Given the impact on TVL and overall market dynamics, we propose the following flexibility for the Threshold Treasury Guild (TTG) to adjust fees for 6 months from implementation of new fee amounts without another tokenholder vote:

  • Initially reinstate 0.1% Mint fee for tBTC
    • Authorization to adjust to between 0% and 0.25% without a tokenholder vote, based on continuous assessment
  • Initially increase Redeem fee from 0.2% to 0.25%
    • Authorization to adjust to between 0.2% and 0.3% without a tokenholder vote, based on continuous assessment
3 Likes

Hello Threshold Network DAO members,
Following a discussion with some of the team members regarding this proposal, we thought we would share some thoughts from the ULTRADE project regarding the fee reinstatement proposal.
ULTRADE is planning to integrate with Threshold’s technology, to enable non-custodial orderbook trading of Bitcoin with direct deposits/withdrawals (utilizing Threshold’s proxy solution). Effectively, this means tBTC would be used as an on/off ramp for bitcoin into the trading platform, but without the user having to do manual mint/redeem. As a solution this is geared more towards BTC traders rather than tBTC users.
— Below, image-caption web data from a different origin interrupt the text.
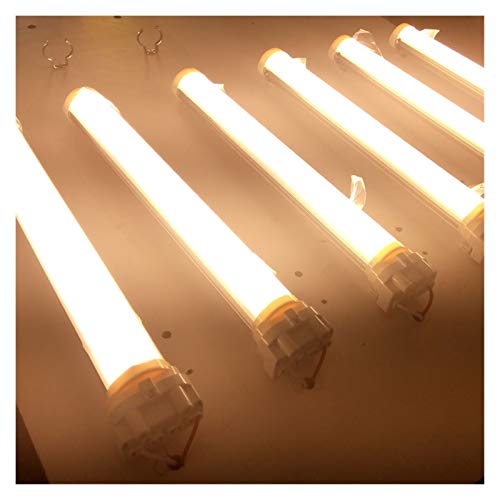 OUTFYT 4pcs 9W 225mm Lange Horizontale Steckkopf DC AC 12V Niederspannungs Energieeffizient Natural 4000K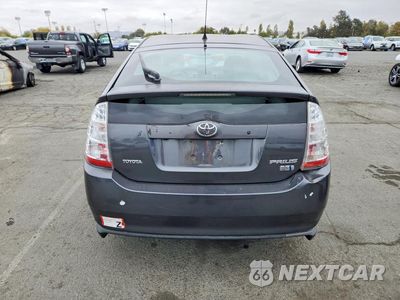Zdjęcie 6 z 13 samochodu: 2008 TOYOTA PRIUS BASE VIN:JTDKB20U283402856 - miniatura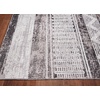 image:imageSignature Design by Ashley Henchester Contemporary 5 x 7 Machine Woven Tribal Pattern Medium Area Rug Low Pile Machine Washable Multicolor5 x 7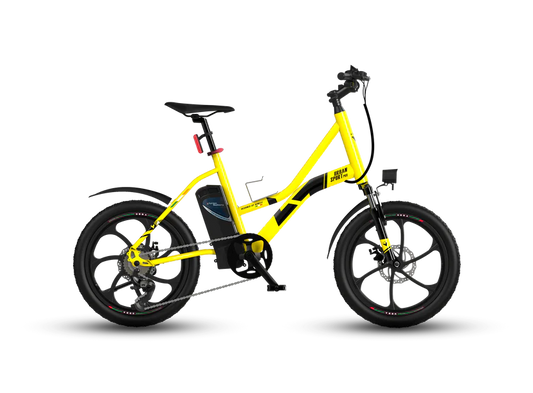 Vaan Urbansport Pro E-Bike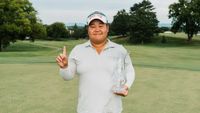 Ting Breaks Through on Epson Tour post image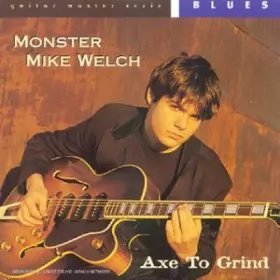 Couverture du produit · Axe to Grind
While we recognize that mint/redeem fees are a significant source of revenue for the Threshold Network participants, we wanted to share with you our specific use case and our concerns about the proposed fees. We believe such fees may be prohibitively expensive for users who are simply looking to trade BTC, kind of similar to a situation where a Centralized Exchange would charge their users 0.1%/0.25% to deposit/withdraw BTC for trading.

Ultrade is about to launch its mainnet any day now, supporting non-custodial, bridgeless crosschain orderbook trading across Ethereum, Solana, Base, Arbitrum, BNB, Avalanche, Optimism, Polygon, Algorand and several more chains coming. BTC is next on our todo list and the plan has been to use tBTC with proxies for that purpose, yet we are now concerned about the fees. We have some ideas on alternative solutions where the fees perhaps could be exempted in specific use-cases like ours, and instead may provide trading fee revenue share as compensation for Threshold Network.
As we engage with the Threshold team, we would also love to discuss with the DAO members and hope to find a path forward for our mutual benefits.

1 Like

I am very much in favour of this, something worth noting from a growth perspective is that tBTC is slowly being added as collateral assets for Bitcoin LSTs. Once tBTC is deposited into these LSTs, the tBTC will be unwrapped and deposited into Babylon as BTC.

The recent 260 tBTC increase on Base is because of tBTC being added as a collateral asset to SolvBTC. Since its expected that these funds will be off-ramped and TVL won’t be retained, Threshold should make the most of this opportunity and profit from it.